Update Datenschutz No.8
Das letzte Update ist ein wenig her und deshalb wird es Zeit, mal wieder ein paar Zeilen aufs Papier zu bringen. Diesmal geht es u. a. um Werbung mittels Direktnachrichten auf Social Media, Löschpflichten, den rechtssicheren Einsatz von MS 365, um mich selbst und die Frage, warum du niemanden zwingen solltest deine Datenschutzhinweise zu akzeptieren.
Direktnachrichten auf Social Media mit werbendem Inhalt sind nur mit Einwilligung zulässig
Was aus dem E-Mail-Marketing bereits bekannt ist, wurde nun auch für Social Media entschieden. Direktnachrichten oder Inmails, die Werbung enthalten, sind nur mit Einwilligung zulässig. Den Begriff der Werbung solltest du dabei sehr weit auslegen und eigentlich alles einbeziehen, was etwas direkt oder indirekt dazu dient, dass Umsätze gemacht werden sollen. Ich habe dazu mal einen separaten Blogbeitrag geschrieben und auch ein YouTube-Video gedreht.
Anwendungshinweise zur Datenübermittlung in die USA
Die DSK, also die Datenschutzkonkferenz der Länder hat Anwendungshinweise für die Datenübermittlung in die USA herausgegeben: Anwendungshinweise der Konferenz der unabhängigen Datenschutzaufsichtsbehörden des Bundes und der Länder vom 4. September 2023. Es wäre zu schön, um wahr zu sein, wenn es da nicht eine abweichende Stimme aus einem kleinen gallischen Bundesland gäbe, die natürlich anderer Auffassung ist und die Datenübertragung in die USA auch weiterhin als problematisch erachtet. Dr. Lutz Hasse:
Es mag sein, dass der EuGH das Framework kippt. Die erste Klage ist sogar schon eingereicht. Ich muss aber gestehen, dass ich mittlerweile das Gefühl habe, dass hier Datenschutz mehr und mehr an der Realität vorbeigeht. Die Rechtsauffassung des TLfDi kann ich jedenfalls bei einigen Sachverhalten nicht mehr nachvollziehen. Ich denke da nur an die Pressemitteilung „Klingelschilder – ein Fall für den Datenschutz“.

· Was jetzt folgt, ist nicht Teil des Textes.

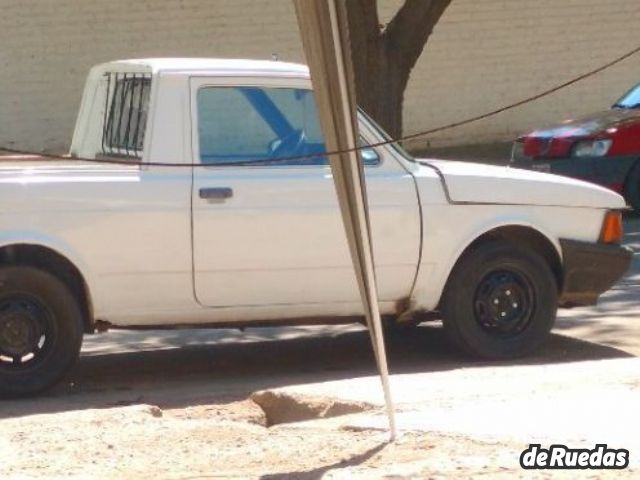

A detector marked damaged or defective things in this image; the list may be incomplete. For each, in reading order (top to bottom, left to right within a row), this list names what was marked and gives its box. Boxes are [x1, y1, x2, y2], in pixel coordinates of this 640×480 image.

pothole in ground [250, 390, 376, 428]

345 Mio. Bußgeld gegen TikTok
Die meisten von euch kennen mich hoffentlich als Pragmatiker im Datenschutz und als Datenschutzbeauftragter tue ich alles dafür, damit keiner von euch ein Bußgeld bekommt. Es gibt aber auch Fälle, in denen ich es gerechtfertigt finde, wenn ein Unternehmen ein Bußgeld bekommt. Die 345 Mio. EUR Bußgeld gegen TikTok gehören hier definitiv dazu. Hier hatte TikTok nämlich ziemlich viel Murks gemacht und das auch noch in Bezug auf Daten von Kindern. Auch hier haben wir einen eigenen Beitrag erstellt: 345 Mio. EUR Bußgeld gegen TikTok.

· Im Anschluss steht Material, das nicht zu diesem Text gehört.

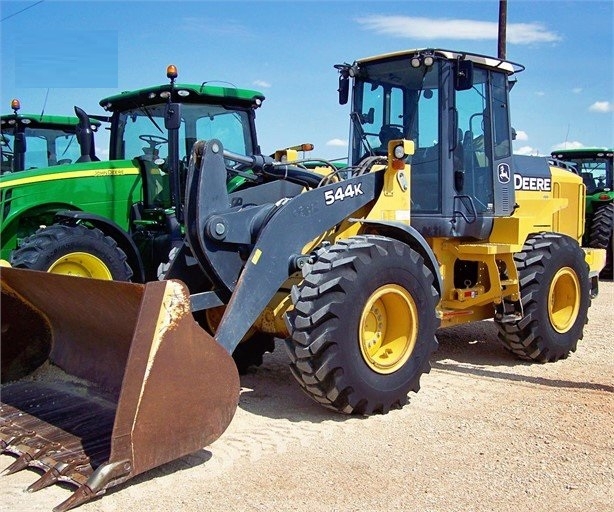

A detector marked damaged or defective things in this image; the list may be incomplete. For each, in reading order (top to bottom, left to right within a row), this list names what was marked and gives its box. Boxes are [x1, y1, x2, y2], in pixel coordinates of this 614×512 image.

rusty loader bucket [0, 266, 241, 510]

Rechtskonformer Einsatz von MS Office 365
Die Datenschutzaufsicht Niedersachsen hat in Zusammenarbeit mit sechs weiteren Datenschutzaufsichtsbehörden eine Handreichung zum rechtskonformen Einsatz von Microsoft 365 veröffentlicht.
Dort findest du Empfehlungen, um den Standardvertrag zur Auftragsdatenverarbeitung (DPA) von Microsoft anzupassen. Im Wesentlichen geht es dabei um die Anpassung von Löschfristen, den Einsatz von Unterauftragsverarbeitern, die Anpassung der TOM, Weisungsbindung, Offenlegung verarbeiteter Daten oder die Erfüllung rechtlicher Verpflichtungen.
Wie sich das Ganze auf die laufende Bewertung der DSK auswirkt, ist nicht klar. Die DSK ging jedenfalls noch im November 2022 davon aus, dass ein rechtskonformer Einsatz von MS365 nicht möglich ist. Ich begrüße es daher sehr, dass nun einige Datenschutzbehörden hier einen anderen Weg einschlagen.
Wie praktisch das Ganze ist, müssen wir mal abwarten. Die Handreichung sieht nämlich vor, dass „eine zwischen dem Verantwortlichen und Microsoft abzuschließende Zusatzvereinbarung zum DPA klarstellen sollte, dass diese Zusatzvereinbarung gegenüber sämtlichen entgegenstehenden Vertragstexten (u. a. DPA, Product Terms, Produktdokumentationen), die seitens Microsoft einbezogen werden, Vorrang hat und diesen im Kollisionsfalle vorgeht“. Ich bin gespannt wie ein Flitzebogen wie oft MS das in der Praxis vereinbart. Aber vielleicht kommt hier auch bald Hilfe von MS selbst.
BGH legt Fragen zum immateriellen Schadensersatz (Schmerzensgeld) nach DSGVO dem EuGH vor
Der Bundesgerichtshof legt mit Beschluss vom 26. September 2023 – VI ZR 97/22 dem Gerichtshof der Europäischen Union Fragen zum Bestehen eines unionsrechtlichen Unterlassungsanspruchs und zum Begriff des immateriellen Schadens nach der Datenschutz-Grundverordnung vor.
Hier geht es unter anderem um die in der Praxis höchstrelevante Frage, ob für die Annahme eines immateriellen Schadens im Sinne der DSGVo bloße negative Gefühle wie Ärger, Unmut, Unzufriedenheit, Sorge und Angst, die an sich Teil des allgemeinen Lebensrisikos und oft des täglichen Erlebens sind, genügen? Aktuell werden nach meiner Erfahrung fast alle Schadensersatzansprüche auf solche Begründungen gestützt.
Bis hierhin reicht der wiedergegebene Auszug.